# Georgia Shark Fishing



## emanuel

This needs to be put in a Georgia board, but since we don't have one yet, I'll put here. I went down to St. Simon's island this afternnon on a scouting trip and found a little tackle shop with pictures from the nearby pier of sharks they catch of it. Unlike other places up and down the coast, they actually have shark fishing that is somewhat encouraged and completely legal. One picture was of a 12' lemon shark someone had caught last summer. Also a great spot for trout, reds, and tarpon too.

I'll post some info on the spot when I get the chance, but it's something you folks might want to look into. Good people at the tackle shop and they want me to put their website on the board as soon as they get it up and running. 

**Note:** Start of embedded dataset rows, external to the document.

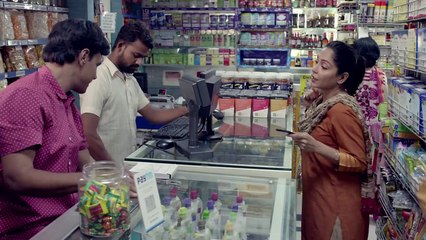 The New Paytm Ad - [Kirana store, Petrol Pump & Electricity Bill]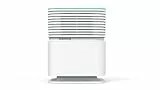 Venta Luftreiniger AP730, 22 dB(SPL), 4 W, CADR 320 m³/h, 3-fach Reinigung, H13 Filter: 99,97% Feinstaub, Viren, Allergene, Aktivkohlefilter: schädliche Gase, 75 m²/187,5 m³, App- und Sprachsteuerung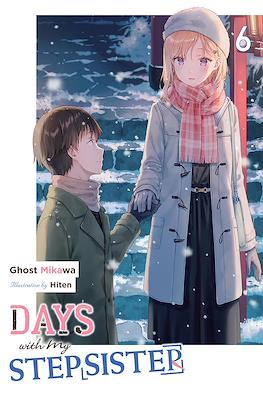 Days with My Stepsister (Softcover) #6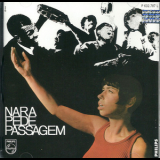 Nara Leao - Nara Pede Passagem '1966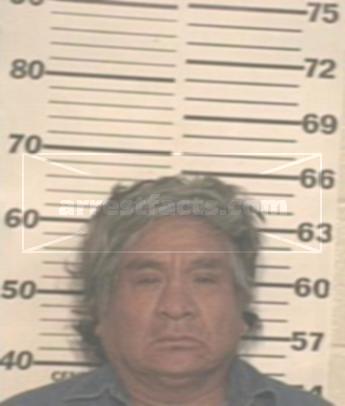 Antonio Lopez Torres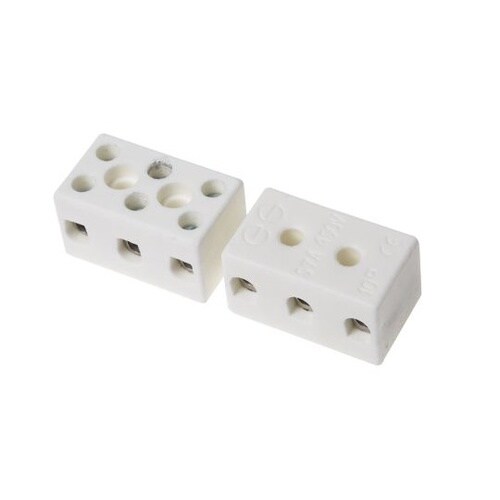 中継用端子台 3極 1袋(5個入) 70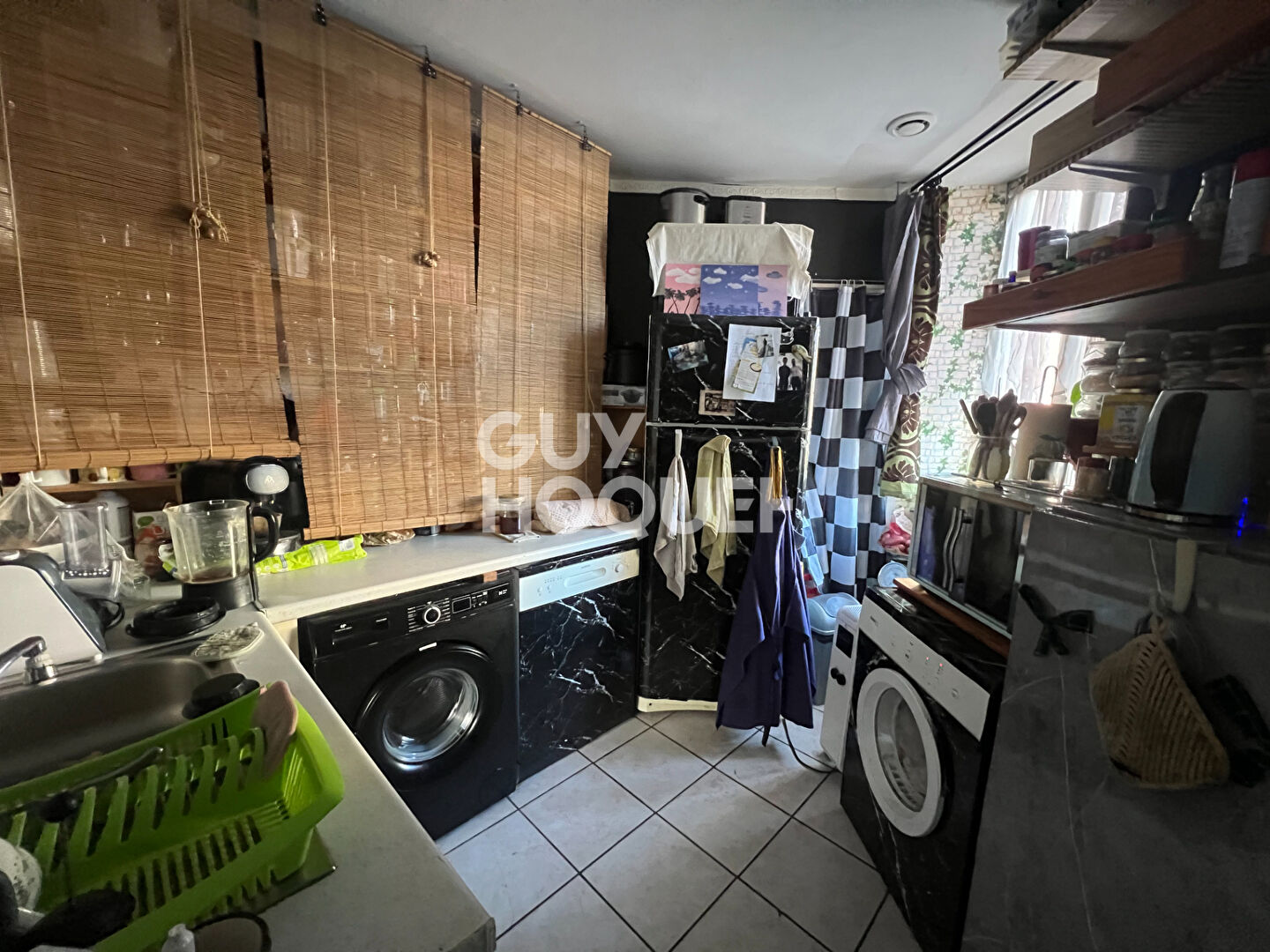 Appartement Dax 3 pièce(s)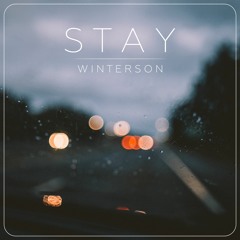 Winterson - Stay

Can't wait until spring...


----------



## sharkbite

Thanks for the info emanuel! Been looking for a good place to go shark fishing  About how far of a drive is it from Myrtle Beach? 


Tight Lines


Tim


----------



## emanuel

I'd say it's a good 5 hours down the coast from Myrtle Beach, and about a little more than an hour from Savannah where I am now. It's really cool down there, and the shark pictures were incredible. Bull, lemon, dusky, sand, sharpnose, blacktip, bonnetheads, hammerheads, and some big stingrays also. There are also some huge black drum caught there in the spring.


----------



## fishnkid

emanuel i think i might check this place out sometime when im down there. Me you and my uncle should go.


----------



## emanuel

Sounds like a plan.


----------



## Power Fisherman

There is a place called Jeckle Isle. Guys named allraound fishin and rail roader have landed some big sharks over there.

Deaver


----------



## cutbait91

Once i get a new truck im gonna have to make the trip i have been looking for some good tarpon fishing thats probably the closest place to here i can find it


----------



## George

If that bait shop is the one in the village near the pier it is called St. Simons Bait and Tackle. Mike and Trish are the owners and are great folks. They will let you know what is biting and where. It's a win/win situation. You catch fish and buy stuff from them. And their prices are not inflated.


----------



## saltysurf

The best place here in Geogia that I know to catch sharks is right off the surf at Jekyll Island 50 feet out is a strong current that fish love to use as a speedway to speed up their persuit of food. I watched a guy fishing for them that was indian from this area and fishes for them daily for his ritauls in his heritage. I didnt have the wieght to sit in that current but I did catch a 1 foot black tip with a shrimp on my 15 lb rig. As far as I know this is the only place in georgia to catch shark. plus many other targeted fish. If the beach is not what you want then they have two piers to fish from as well. One on the north side and one right next to the entrance and exit of the Island. Here in georgia all out staters need is a georgia fishing license I believe but you would have to look at the regs for that. I know for sure that the little pier right next to the ramp is a great place for flounder and sheeps head you can cast right under the bridge and right next to the pilings hope this helps I know I will be down there alot this summer!


----------



## firefighter5765

*Tybee*

My 11 yo (10 at the time) daughter reeled in a 31 1/2 inch SSC americam spotted shark off Tybee last summer. After a call to he GDNR guys they said it was a keep so we took it home,cut it into 1" slabs and grilled it in a honey mustard glaze...mmmm good eats. Now she want me to take her back to catch another one, maybe we'll check out Jekyl Island this time out.


----------